Cosmos-H-Surgical: Learning Surgical Robot Policies from Videos via World Modeling

This paper addresses the scarcity of labeled surgical robot data by introducing Cosmos-H-Surgical, a world model that generates realistic surgical videos and infers synthetic kinematics via an inverse dynamics model, enabling the training of superior surgical policies that outperform those trained solely on limited real-world demonstrations.

Yufan He, Pengfei Guo, Mengya Xu, Zhaoshuo Li, Andriy Myronenko, Dillan Imans, Bingjie Liu, Dongren Yang, Mingxue Gu, Yongnan Ji, Yueming Jin, Ren Zhao, Baiyong Shen, Daguang Xu

Published Thu, 12 Ma
📖 4 min read☕ Coffee break read

Imagine you want to teach a robot how to perform delicate surgery, like stitching a wound or passing a needle. The biggest problem isn't that the robot is "stupid"; it's that we don't have enough training data.

In the real world, getting a robot to watch a surgeon and copy their hand movements is incredibly hard. It's expensive, dangerous for patients, and requires special permission. It's like trying to learn to drive a Formula 1 car by only being allowed to sit in the driver's seat for 10 minutes a year.

Cosmos-H-Surgical is a new invention that solves this by acting like a super-powered "Imagination Machine" for robots. Here is how it works, broken down into simple steps:

1. The Problem: The "Silent Library"

Think of the internet as a massive library filled with millions of videos of surgeons operating. These are the "Silent Library" books. They are full of visual action (you can see the needle moving), but they are silent regarding the robot's brain. We don't know the exact math of how the surgeon's hand moved (the "kinematics"). Without that math, a robot can't learn to copy the move.

2. The Solution: The "Surgical Storybook" (SATA Dataset)

The researchers created a special book called SATA. They took those silent videos and added detailed captions written by experts.

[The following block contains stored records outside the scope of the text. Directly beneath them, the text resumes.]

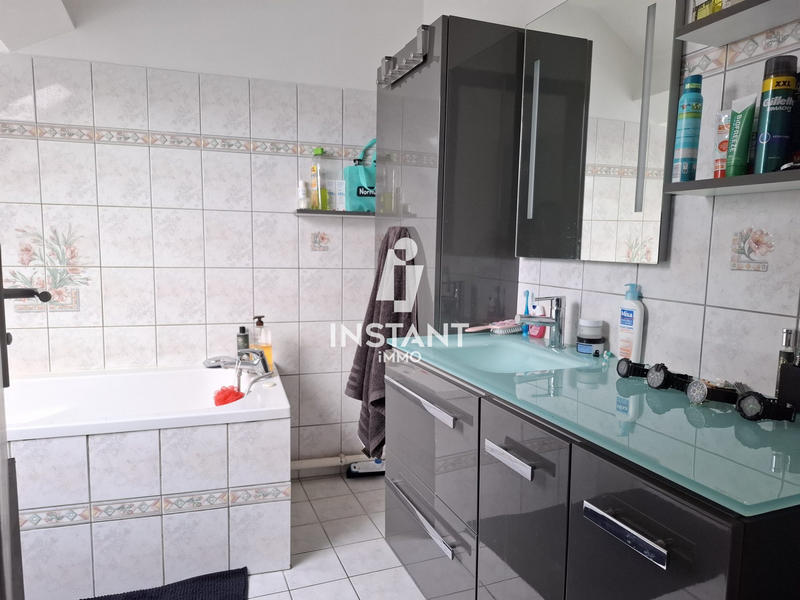 Maison - 92 m² - 4 pièces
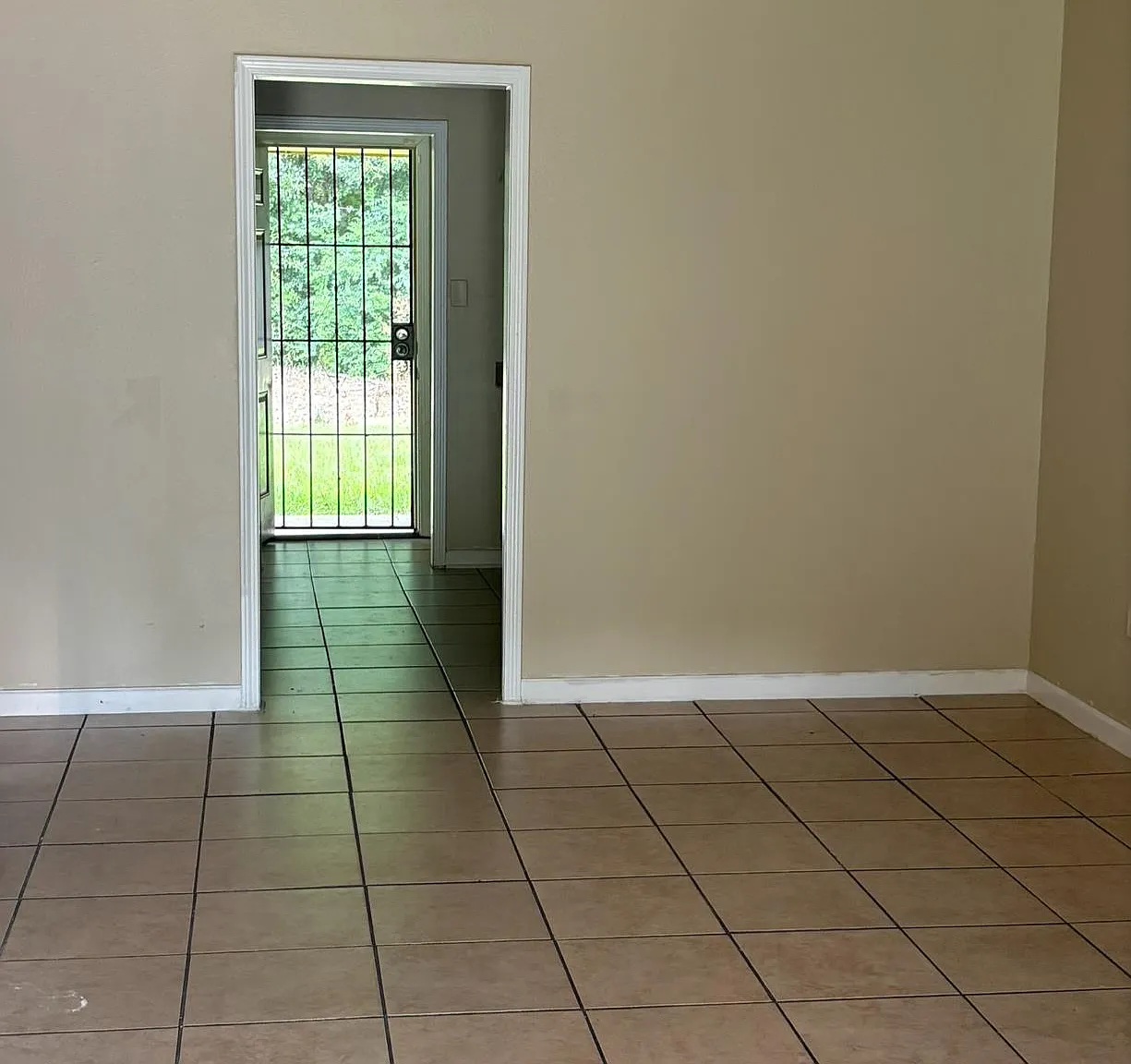 2 bed, 1100 sqft, $950 — Photo 2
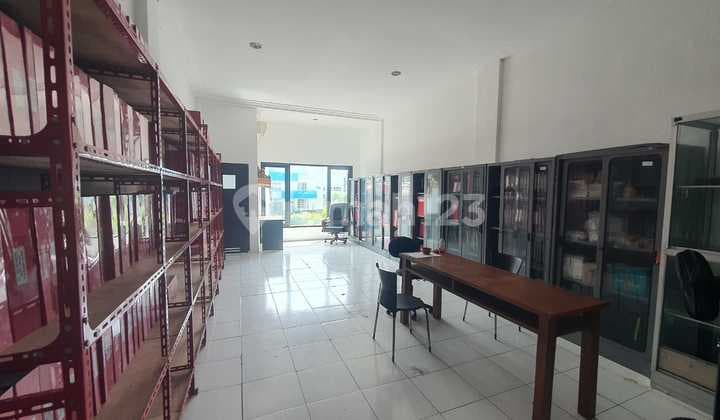 RUKO 3 LANTAI STRATEGIS DI JALAN UTAMA DEKAT DEWI SRI FOOD CENTER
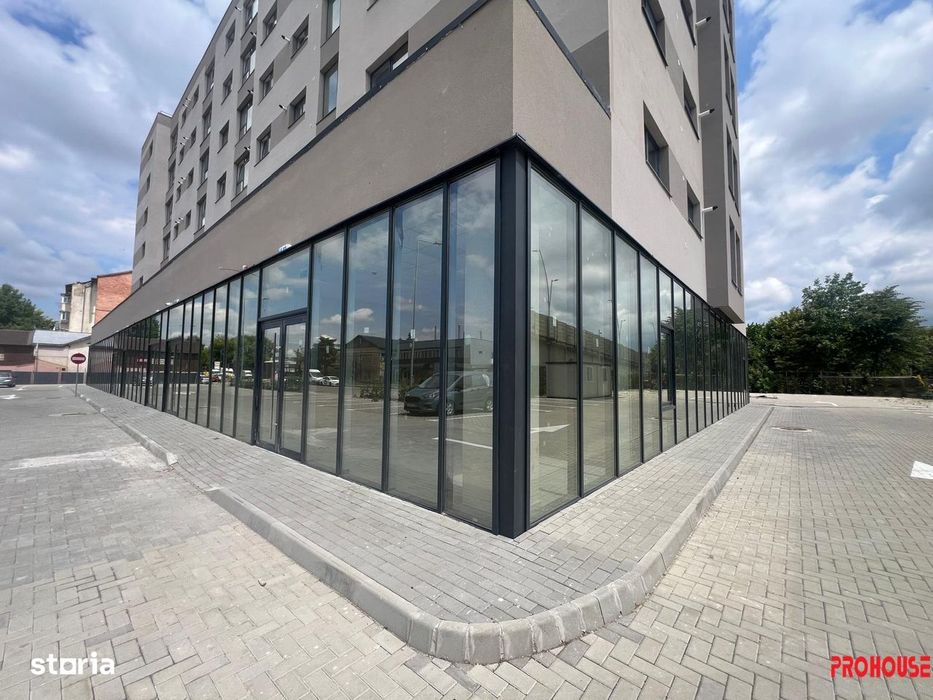 Spațiu comercial modern 155 mp, la cheie, cu două intră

  • Instead of just a video of a needle, they wrote: "The left tool gently grabs the needle, moves it to the right, and pokes the tissue at a 45-degree angle."
  • This turns a silent movie into a storybook that explains exactly what is happening.

3. The Magic Engine: The "Dreamer" (World Model)

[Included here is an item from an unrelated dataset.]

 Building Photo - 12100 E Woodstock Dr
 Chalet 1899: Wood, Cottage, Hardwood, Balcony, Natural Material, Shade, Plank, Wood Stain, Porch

Using this storybook, they trained a World Model. Think of this model as a Hollywood Director who has read every surgical storybook ever written.

  • If you tell this Director, "Show me a robot passing a needle three times," it doesn't just guess; it generates a brand new, photorealistic video of that exact scene.
  • Because it learned from the storybook, the video looks real, the tools move correctly, and the tissue reacts naturally.

4. The Translator: The "Mind Reader" (Inverse Dynamics Model)

Here is the clever part. The Director (World Model) makes the video, but the robot still doesn't know how to move its arms to make that video happen.

  • The researchers added a second AI called an Inverse Dynamics Model (IDM). Think of this as a Mind Reader.
  • The Mind Reader watches the fake video generated by the Director and says, "Ah, for the needle to move that way in the video, the robot's left arm must have moved in this specific mathematical pattern."
  • It essentially reverse-engineers the robot's movements from the video.

5. The Result: The "Super-Student" Robot

Now, the robot has a massive new library of training data:

  1. Real Data: A tiny bit of real footage from actual surgeries (the "gold standard" but scarce).
  2. Synthetic Data: Thousands of hours of "fake" but perfect videos generated by the Director, with the exact math of how to move, provided by the Mind Reader.

The robot trains on this massive mix. It's like a student who reads a few real textbooks but then spends years practicing in a virtual reality simulator that is so realistic, it feels like the real thing.

Why This Matters

  • Safety: We don't need to risk patient safety to generate training data.
  • Speed: We can generate infinite practice scenarios (e.g., "What if the tissue is slippery?" or "What if the needle is bent?") instantly.
  • Performance: When they tested this on a real robot, the robot trained with this "imagination" data performed much better than robots trained only on the tiny amount of real data available.

In short: Cosmos-H-Surgical teaches robots to learn surgery by letting them watch a movie of the surgery, then using a smart AI to figure out the script (the math) behind the movie, allowing them to practice millions of times without ever touching a real patient.